I have a multi-tenant database where I am utilizing an AccountId
column within all tables as a part of the composite Primary Key for tenant isolation. Is it beneficial to create additional non-clustered indexes on each column that is part of the composite Primary Key to assist SQL Server with maintaining accurate statistics and improving query performance when joining to lookup tables?
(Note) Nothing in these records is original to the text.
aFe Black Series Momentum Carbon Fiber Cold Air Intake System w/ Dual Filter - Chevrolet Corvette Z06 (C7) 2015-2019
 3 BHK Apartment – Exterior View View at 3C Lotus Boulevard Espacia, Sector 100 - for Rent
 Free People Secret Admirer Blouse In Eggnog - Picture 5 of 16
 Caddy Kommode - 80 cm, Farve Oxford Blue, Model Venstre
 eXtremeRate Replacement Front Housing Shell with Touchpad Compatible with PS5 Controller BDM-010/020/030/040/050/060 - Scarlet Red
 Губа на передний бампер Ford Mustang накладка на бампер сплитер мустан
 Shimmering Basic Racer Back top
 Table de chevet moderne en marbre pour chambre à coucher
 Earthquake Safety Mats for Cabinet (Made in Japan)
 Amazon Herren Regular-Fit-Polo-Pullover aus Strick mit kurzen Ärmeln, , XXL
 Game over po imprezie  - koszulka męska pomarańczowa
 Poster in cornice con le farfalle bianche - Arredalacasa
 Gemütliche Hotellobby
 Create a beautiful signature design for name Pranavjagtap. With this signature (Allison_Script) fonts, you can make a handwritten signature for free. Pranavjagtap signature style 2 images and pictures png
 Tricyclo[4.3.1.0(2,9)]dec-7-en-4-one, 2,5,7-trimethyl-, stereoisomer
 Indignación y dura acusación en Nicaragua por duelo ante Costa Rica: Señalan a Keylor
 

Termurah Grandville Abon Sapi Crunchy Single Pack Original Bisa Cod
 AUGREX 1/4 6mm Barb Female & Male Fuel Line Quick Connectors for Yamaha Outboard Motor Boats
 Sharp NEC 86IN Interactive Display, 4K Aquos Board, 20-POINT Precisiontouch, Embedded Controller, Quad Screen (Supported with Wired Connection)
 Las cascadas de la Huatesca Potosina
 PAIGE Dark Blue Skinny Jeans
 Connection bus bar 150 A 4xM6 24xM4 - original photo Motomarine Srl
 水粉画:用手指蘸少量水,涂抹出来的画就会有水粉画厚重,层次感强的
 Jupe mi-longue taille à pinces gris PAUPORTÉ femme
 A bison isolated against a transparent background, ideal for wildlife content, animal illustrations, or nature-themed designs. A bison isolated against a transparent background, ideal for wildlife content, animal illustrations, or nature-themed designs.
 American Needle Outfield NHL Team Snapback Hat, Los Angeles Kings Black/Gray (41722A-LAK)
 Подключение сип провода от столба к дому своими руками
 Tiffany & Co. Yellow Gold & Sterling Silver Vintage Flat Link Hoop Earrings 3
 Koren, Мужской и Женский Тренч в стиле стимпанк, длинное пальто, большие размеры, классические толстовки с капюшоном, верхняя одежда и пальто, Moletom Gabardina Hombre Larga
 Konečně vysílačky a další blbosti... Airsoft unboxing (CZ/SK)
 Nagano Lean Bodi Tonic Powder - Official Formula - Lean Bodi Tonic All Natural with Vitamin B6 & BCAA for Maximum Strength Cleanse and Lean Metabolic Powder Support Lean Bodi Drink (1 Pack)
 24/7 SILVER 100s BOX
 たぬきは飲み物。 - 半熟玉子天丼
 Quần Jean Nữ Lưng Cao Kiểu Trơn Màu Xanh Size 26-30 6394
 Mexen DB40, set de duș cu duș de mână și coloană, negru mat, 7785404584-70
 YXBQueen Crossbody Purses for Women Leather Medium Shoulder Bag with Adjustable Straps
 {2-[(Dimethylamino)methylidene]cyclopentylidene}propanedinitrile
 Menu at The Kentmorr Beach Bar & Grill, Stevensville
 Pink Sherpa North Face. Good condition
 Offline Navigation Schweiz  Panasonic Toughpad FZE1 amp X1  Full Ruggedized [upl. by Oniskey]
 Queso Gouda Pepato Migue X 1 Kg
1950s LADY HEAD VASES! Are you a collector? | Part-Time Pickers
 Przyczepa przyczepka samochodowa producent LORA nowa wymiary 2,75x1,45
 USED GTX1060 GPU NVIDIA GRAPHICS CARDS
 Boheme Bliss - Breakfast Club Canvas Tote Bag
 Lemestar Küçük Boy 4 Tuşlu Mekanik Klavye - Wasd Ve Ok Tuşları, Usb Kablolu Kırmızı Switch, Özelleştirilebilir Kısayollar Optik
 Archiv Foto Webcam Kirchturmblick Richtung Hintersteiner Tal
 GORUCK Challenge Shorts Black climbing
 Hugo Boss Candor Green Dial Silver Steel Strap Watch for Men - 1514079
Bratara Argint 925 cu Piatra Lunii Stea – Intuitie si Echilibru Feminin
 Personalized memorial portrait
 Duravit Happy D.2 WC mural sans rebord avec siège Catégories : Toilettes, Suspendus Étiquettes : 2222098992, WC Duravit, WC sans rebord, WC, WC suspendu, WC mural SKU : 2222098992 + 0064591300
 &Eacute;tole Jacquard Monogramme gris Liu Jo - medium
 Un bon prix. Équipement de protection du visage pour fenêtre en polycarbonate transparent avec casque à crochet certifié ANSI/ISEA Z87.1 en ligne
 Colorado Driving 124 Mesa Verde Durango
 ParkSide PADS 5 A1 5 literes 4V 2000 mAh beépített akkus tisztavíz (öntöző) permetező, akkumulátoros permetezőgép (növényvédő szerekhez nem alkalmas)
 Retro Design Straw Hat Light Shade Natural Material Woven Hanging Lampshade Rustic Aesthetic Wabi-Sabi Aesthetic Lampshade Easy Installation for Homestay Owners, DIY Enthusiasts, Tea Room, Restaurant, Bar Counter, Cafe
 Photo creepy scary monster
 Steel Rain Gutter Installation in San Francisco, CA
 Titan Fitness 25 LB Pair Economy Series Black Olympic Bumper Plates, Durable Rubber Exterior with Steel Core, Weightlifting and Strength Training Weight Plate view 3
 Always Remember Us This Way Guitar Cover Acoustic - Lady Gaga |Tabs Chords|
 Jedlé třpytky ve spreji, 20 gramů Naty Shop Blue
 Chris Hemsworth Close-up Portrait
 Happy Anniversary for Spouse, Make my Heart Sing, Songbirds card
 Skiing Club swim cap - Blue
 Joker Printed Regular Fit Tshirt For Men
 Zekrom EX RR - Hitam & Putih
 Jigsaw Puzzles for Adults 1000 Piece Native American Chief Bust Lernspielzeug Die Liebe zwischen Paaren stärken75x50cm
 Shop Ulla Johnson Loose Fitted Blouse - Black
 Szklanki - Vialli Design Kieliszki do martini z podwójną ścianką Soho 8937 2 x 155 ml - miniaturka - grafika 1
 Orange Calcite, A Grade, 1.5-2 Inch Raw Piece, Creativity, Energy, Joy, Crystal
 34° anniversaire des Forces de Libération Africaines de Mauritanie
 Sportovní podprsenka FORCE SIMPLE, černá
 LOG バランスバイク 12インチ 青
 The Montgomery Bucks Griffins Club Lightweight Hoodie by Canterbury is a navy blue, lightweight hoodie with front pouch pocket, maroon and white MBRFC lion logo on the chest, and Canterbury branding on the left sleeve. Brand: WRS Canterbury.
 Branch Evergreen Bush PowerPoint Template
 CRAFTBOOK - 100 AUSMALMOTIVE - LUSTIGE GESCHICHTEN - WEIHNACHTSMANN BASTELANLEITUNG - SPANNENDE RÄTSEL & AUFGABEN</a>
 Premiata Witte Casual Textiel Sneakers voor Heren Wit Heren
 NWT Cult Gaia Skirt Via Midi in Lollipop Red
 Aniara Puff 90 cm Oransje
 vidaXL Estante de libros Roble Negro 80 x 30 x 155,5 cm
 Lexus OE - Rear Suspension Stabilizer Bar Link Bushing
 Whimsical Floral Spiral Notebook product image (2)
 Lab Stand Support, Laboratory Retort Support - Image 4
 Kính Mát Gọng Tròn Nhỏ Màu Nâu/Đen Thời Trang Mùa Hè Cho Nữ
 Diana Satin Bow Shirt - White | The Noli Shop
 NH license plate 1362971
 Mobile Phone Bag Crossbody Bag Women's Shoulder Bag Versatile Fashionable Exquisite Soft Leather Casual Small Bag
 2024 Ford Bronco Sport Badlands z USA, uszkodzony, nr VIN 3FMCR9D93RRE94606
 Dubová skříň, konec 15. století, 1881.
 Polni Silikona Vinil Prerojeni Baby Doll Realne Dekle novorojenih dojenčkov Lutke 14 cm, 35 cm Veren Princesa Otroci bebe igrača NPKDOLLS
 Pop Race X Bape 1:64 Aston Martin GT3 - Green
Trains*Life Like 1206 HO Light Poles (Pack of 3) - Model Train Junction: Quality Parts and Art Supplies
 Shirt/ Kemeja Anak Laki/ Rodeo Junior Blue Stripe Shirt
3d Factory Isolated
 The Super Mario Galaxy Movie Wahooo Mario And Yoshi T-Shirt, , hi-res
For instance, within an associative table that defines one-to-many relationships between an Account
and the American State
in which they have offices, in theory which of the two options is preferable given the following structure and sample query?
Create the Account
and State
tables and populate with sample data.
DROP TABLE IF EXISTS [dbo].[Account];
DROP TABLE IF EXISTS [dbo].[State];
-- [Account] table and sample values.
IF OBJECT_ID('[dbo].[Account]', 'U') IS NULL
BEGIN
CREATE TABLE [dbo].[Account] (
[AccountId] [int] IDENTITY(1,1) NOT NULL
,[AccountAlias] [varchar](3) NOT NULL
,[AccountName] [varchar](128) NOT NULL
,CONSTRAINT [PK_Account] PRIMARY KEY CLUSTERED ([AccountId] ASC)
,CONSTRAINT [UQ_Account_Alias] UNIQUE NONCLUSTERED ([AccountAlias] ASC)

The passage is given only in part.